Spillman’s primary application at that time was a law enforcement database application for UNIX terminals written in C. The back end was a modified version of the C-Tree database, which is an API-access database using .dat and .idx files, similar to BerkeleyDB. Not as easy to use as a SQL database but it was lightning fast. Their application included a multitude of screens for entering and looking up database records for law incidents, people with criminal records, jail management, fleet management, dispatch center management, and a bunch of other things. Spillman customers included a number of county sheriff offices and police departments across the United States; when I worked there, Spillman had about 400 customers.
Things I Did There:
- I designed and implemented a number of features for their law enforcement database product. I really can’t remember most of them, but some of them included some administrative security and auditing features, implementation of scrolling and paging functionality for a transaction log viewer, and various fields for different screens in their application.

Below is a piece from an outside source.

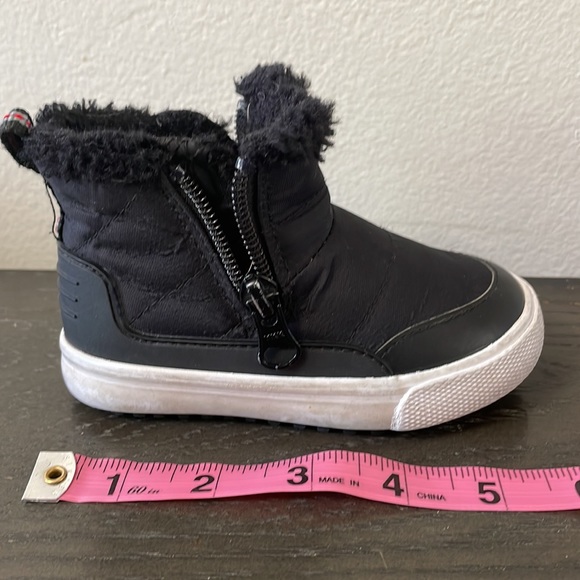 Cat & Jack black cold weather boot toddler size 5 - Picture 7 of 7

- I implemented customized TCP/IP interfaces in C to connect Spillman customers with external law enforcement databases, like state or federal databases. These were usually one-off efforts because each organization would have a customized secure connection to attach to.
- I led our annual pre-release porting effort in 1997, for which I wrote a bunch of tools to help port our code, developed on HP-UX, to AIX, Solaris, DEC, and SCO.
Things I Learned:
- Discipline compensates for many other weaknesses. While there were a number of very solid and capable software engineers at Spillman Technologies, overall the team was not what I would consider one of the strongest I’ve been on. But Spillman was very excellent at settling on a simple, straightforward software development methodology and sticking to that methodology.
- The bearing of bad news. At no other company in my career have I worked more closely with customers than I did at Spillman. It was common practice there to talk with them frequently on the phone to discuss and resolve bugs they had reported or to implement new features or custom work they had requested. In one particular case I worked very closely with a customer on a very difficult and hard-to-reproduce bug. As time passed it became clear that this customer was the only customer experiencing the issue in question. This was a very difficult situation to manage and I worried about breaking the news to the customer. My approach, which worked out well, was to express sympathy, seek to understand, and state with complete honesty our position in every interaction along the way. The potential for dischord and frustration was high on both sides, but ultimately I was able to not only manage the situation well but create a strong professional business relationship with this person.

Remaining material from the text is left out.